**Problem to work on**
Write out, please, each line from the one containing "МОБИЛЬНОСТЬ с Альбертом" to the final line of the data, both included, exactly and without pictures.

**Records from a dataset**
"""
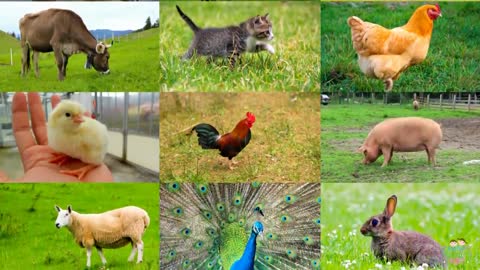 The sound of farm animals with their name in English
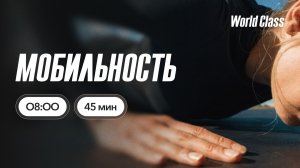МОБИЛЬНОСТЬ с Альбертом Даниловым |24 июня 2026 | Онлайн-тренировки World Class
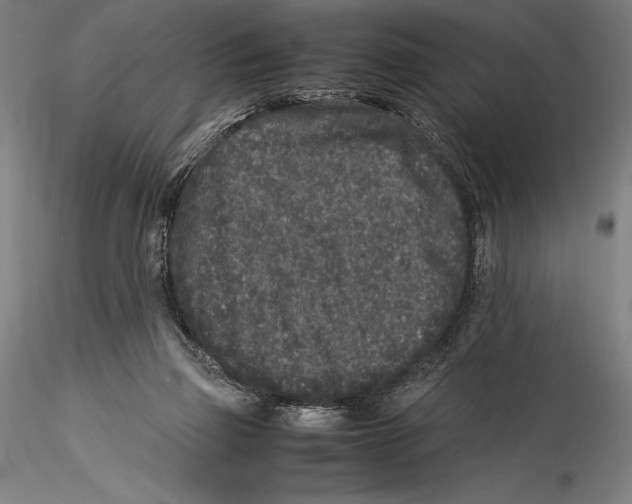 X0000115300165200911301521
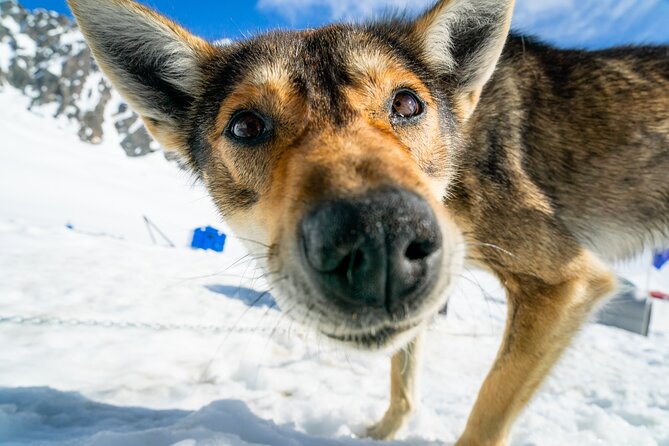 Alaska Helicopter and Glacier Dogsled Tour - SEWARD AREA - Booking Process and Cancellation Policy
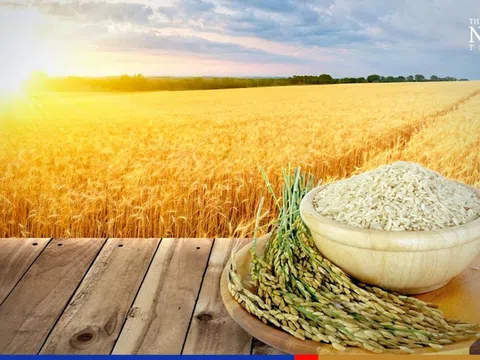 Vụ lúa Đông Xuân vào thời điểm thu hoạch rộ, thị trường lúa gạo đầu tuần sôi động
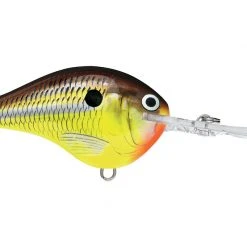 Rapala DT (Dives-To) Series Crankbaits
"""
**Written response**
МОБИЛЬНОСТЬ с Альбертом Даниловым |24 июня 2026 | Онлайн-тренировки World Class
 X0000115300165200911301521
 Alaska Helicopter and Glacier Dogsled Tour - SEWARD AREA - Booking Process and Cancellation Policy
 Vụ lúa Đông Xuân vào thời điểm thu hoạch rộ, thị trường lúa gạo đầu tuần sôi động
 Rapala DT (Dives-To) Series Crankbaits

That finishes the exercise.